C’est ainsi qu‘Abdulrahman Khallouf referme Ne parle sur nous. Chroniques syriennes.

Quand vous en serez là, à ces mots de mémoire et de guerre, vous poserez sans doute le livre sur une table de chevet ou dans le coin d’une étagère, et vous reprendrez le cours des choses et de la vie. Mais il vous restera ce goût des rues de Damas, de la chaleur des nuits sur les toits, de l’odeur des feuilles de tabac qui glissent en fils entre les doigts des mains et de la tendresse rebelle de l’enfance.

L’auteur, grandi de ses exils, a accepté de faire ce pas de côté auquel invite la collection*. Pour une traversée, douloureuse autant que lumineuse, dense intensément et légère et rieuse et amère.

Ici donc il fallait convoquer la mémoire pour revisiter une ville, Damas, et un pays qu’une guerre obscène dévore sans partage. Et faire se lever la parole, dans une langue qu’il fait sienne peu à peu, pour inscrire, au-delà de l’oubli, ces chemins empruntés par l’enfant qu’il était et tout ce que ses yeux ont engrangé de paysages, de visages et de scènes.

Ne cherchez pas, dans ce récit tout en nuances, des réponses arrêtées sur les conflits, les communautés et les raisons du présent si désastreux du pays du jasmin. Vous n’en trouverez pas. Mais vous ferez peut-être, avec le narrateur, cet essentiel pas de côté pour regarder la Syrie et son peuple avec les yeux d’un enfant pauvre de la communauté alaouite. Comment fait-on dès lors puisque l’on est de la même communauté que le clan dictateur mais que l’on lutte, enfant, pour sa survie, comme ses frères, comme ses parents ? Où situer le juste et l’injuste ? Comment apprendre la liberté alors que, bien souvent, tout pèse de misère et d’écrasement autour de soi ? Comment, pourtant, garder en creux, mélodie doucement indocile, l’idée de la beauté en toute chose ? Et comment avancer avec cette certitude qui finira par s’imposer qu’il y a mille vies à vivre et mille scènes à investir et des mots à faire vibrer et des frontières à éclater ?

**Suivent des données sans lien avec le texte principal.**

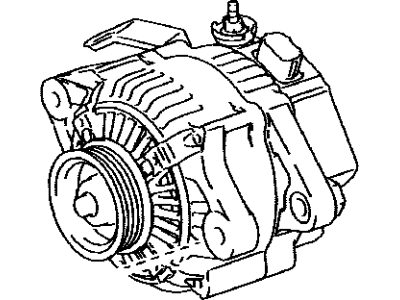 Toyota 27060-31190 Alternator Assembly W/Regulator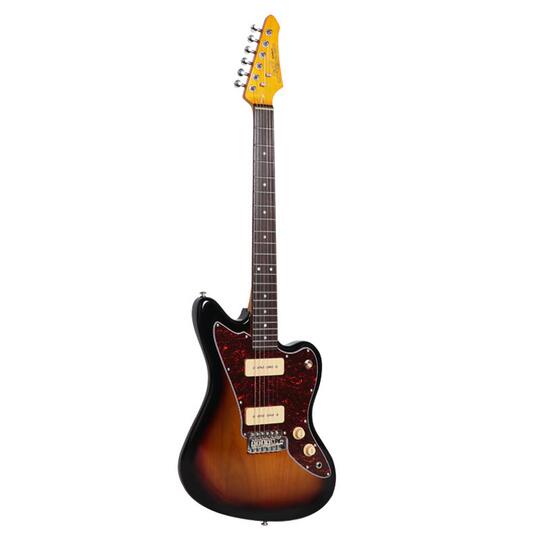 J&D Guitars JM エレキギター - ピンクアルダーボディ、ローズウッド指板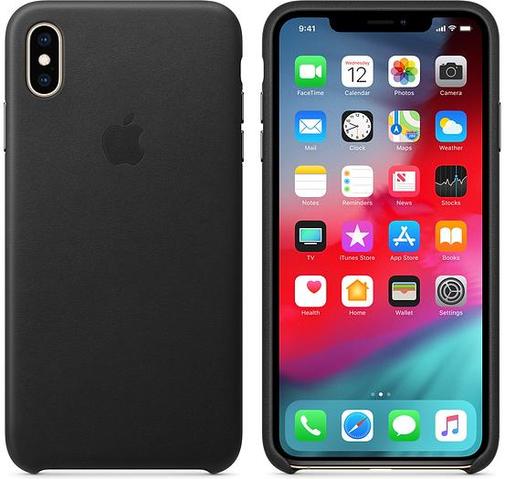 Чохол-накладка Apple для iPhone XS Max - Leather Case Black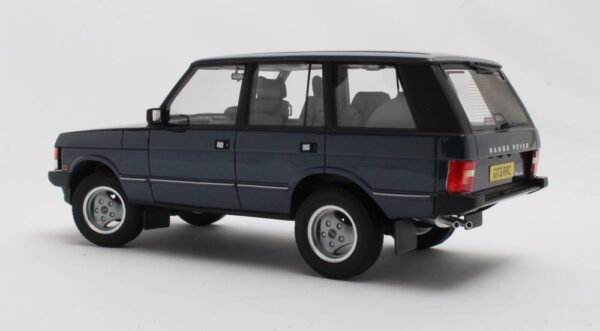 cult scale - 1:18 range rover classic vogue plymouth blue metallic (1990)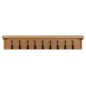 vidaXL Wandgarderobe 90x16x16 cm Massivholz Eiche vidaXL Wandgarderobe 90x16x16 cm Massivholz Eiche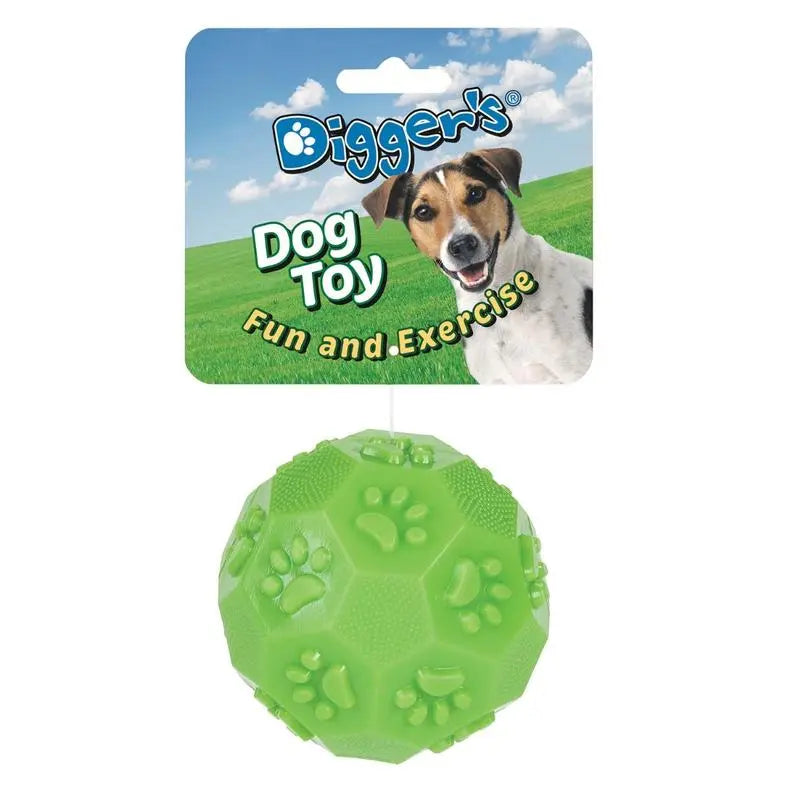 Digger's Paw Chuckle & Treat Ball LGrn BearwoodEssentials-Elevated Pet Feeders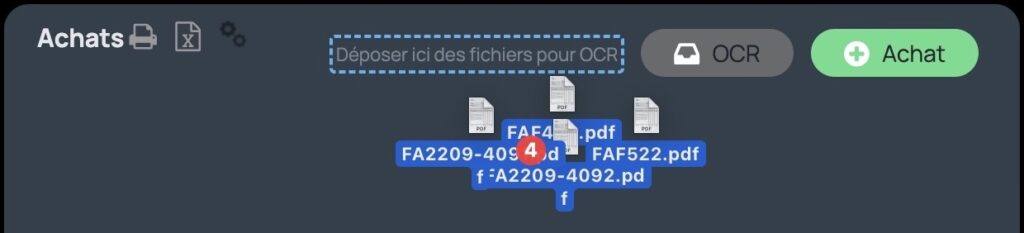 Import en masse des factures d'achat PDF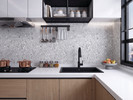 Revival Gray Large Penny Round Mosaic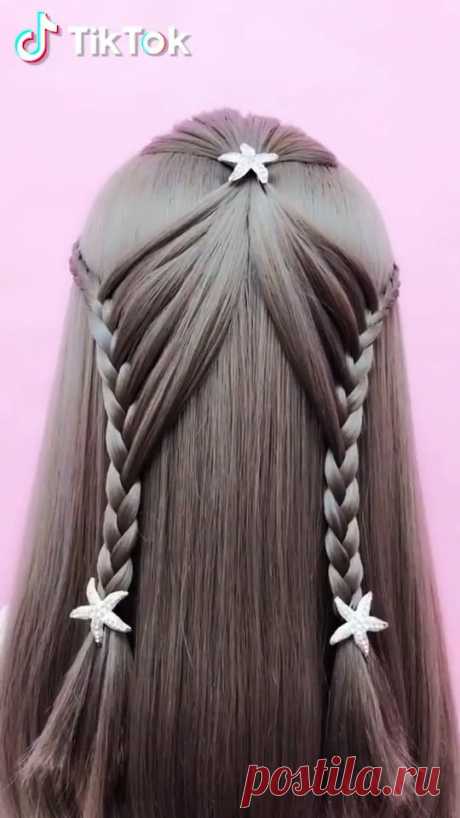 Super easy to try a new #hairstyle ! Download #TikTok today to find more amazing videos. Also you can post videos to show your unique hair styles! Life’s moving fast, so make every second count. #hair #beauty #diy #braids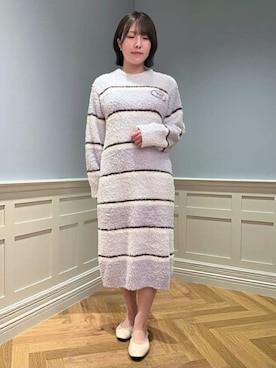「アイテム（ルームウェア、ブルー系）」を使った、gelato piqueさん（レディース・155cm）の秋コーディネート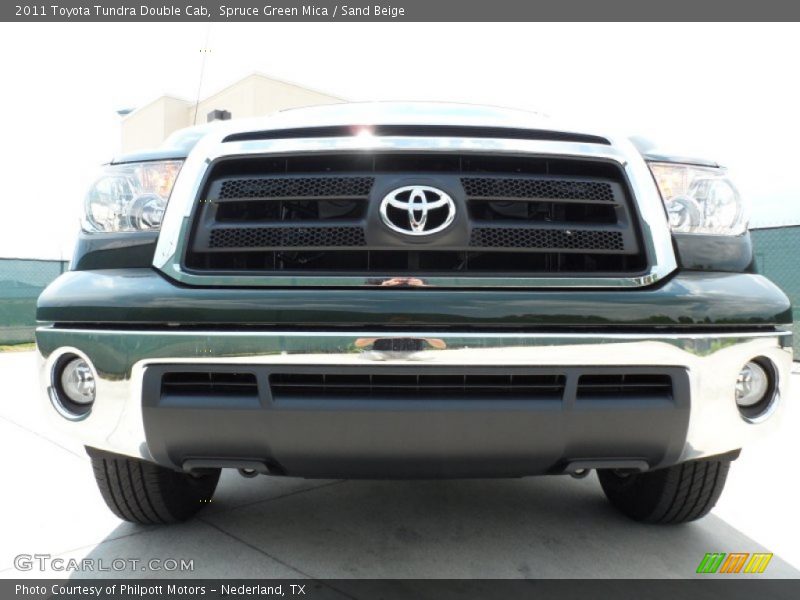 Spruce Green Mica / Sand Beige 2011 Toyota Tundra Double Cab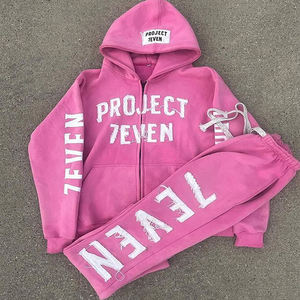 Gran oferta, recién llegado, chándal de lavado ácido de algodón para hombre, estampado de peso pesado, último estilo informal - Product Image 1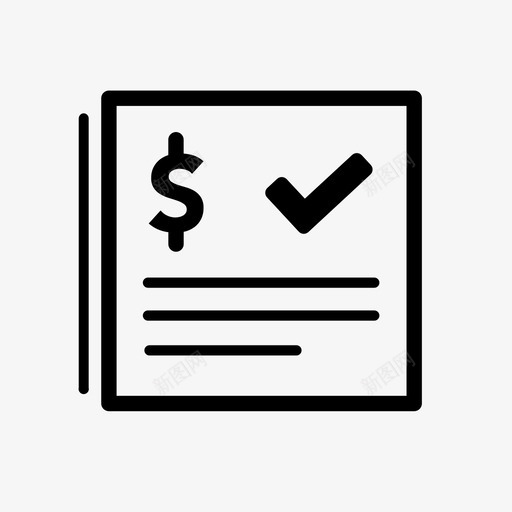 已付账单财务资金图标svg_新图网 https://ixintu.com 已付账单 报表 财务 财务概述图标 资金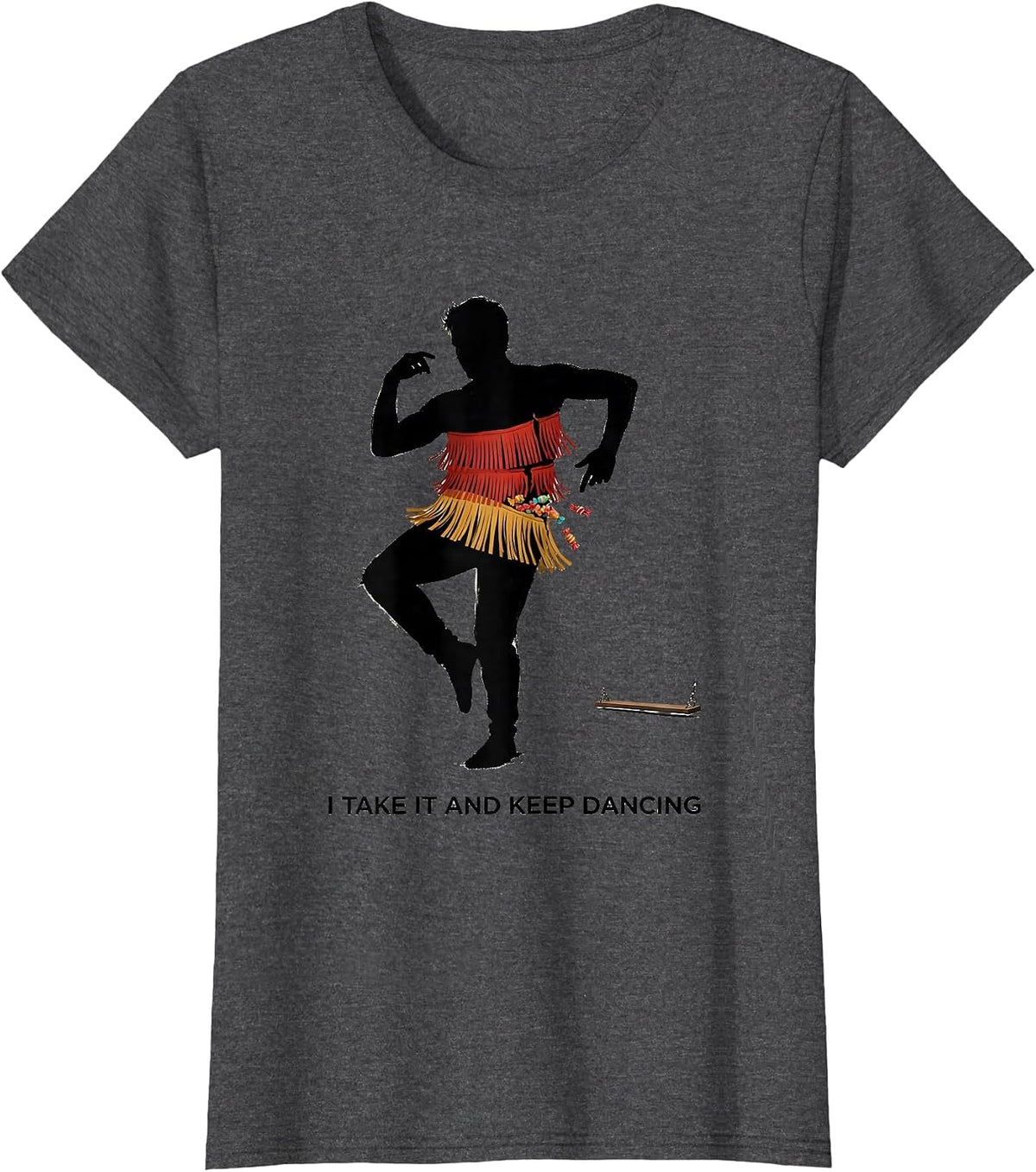Women's I Take It And Keep Dancing Funny Cinco De Mayo Piñata Party T-Shirt - Dark Heather Grey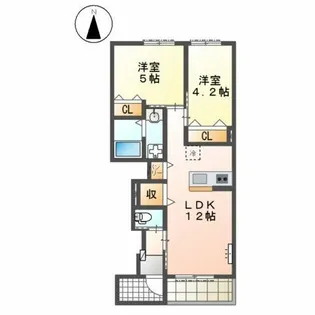 カーサ シエル【1階】の間取り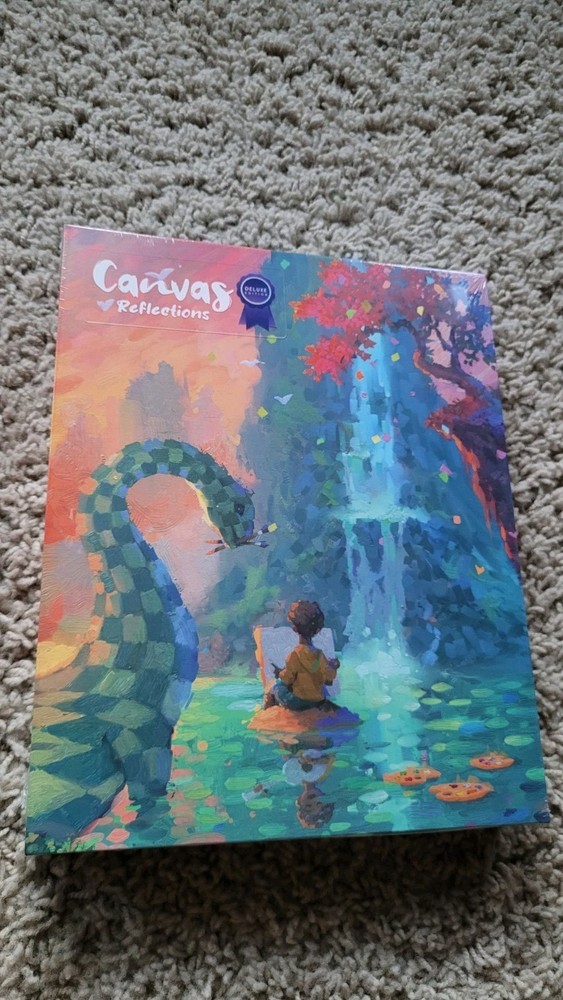 New Canvas: Reflections Deluxe Edition Boardgame by Road to Infamy Sealed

Et peut-être alors, pris dans les beaux filets d’une écriture vive et claire, vous direz-vous qu’il n’y a qu’une réponse, au fond, à donner et à partager, une seule qui aurait un sens, ce fil tenu qui rend l’humain à l’humain.

Marion Coudert

Parution de l’ouvrage en mars 2017

*La collection Un pas de côté
Ceux qui voyagent et qui écrivent trouveront, avec cette collection, l’espace idéal tant qu’il s’agit d’amener le lecteur dans une géographie de la découverte. Ceux qui voyagent tout en lisant et aiment lire dans les paysages le sel des cultures différentes se laisseront prendre la main sans contrainte pour faire un pas de côté et voir dans le monde mille mondes à aimer.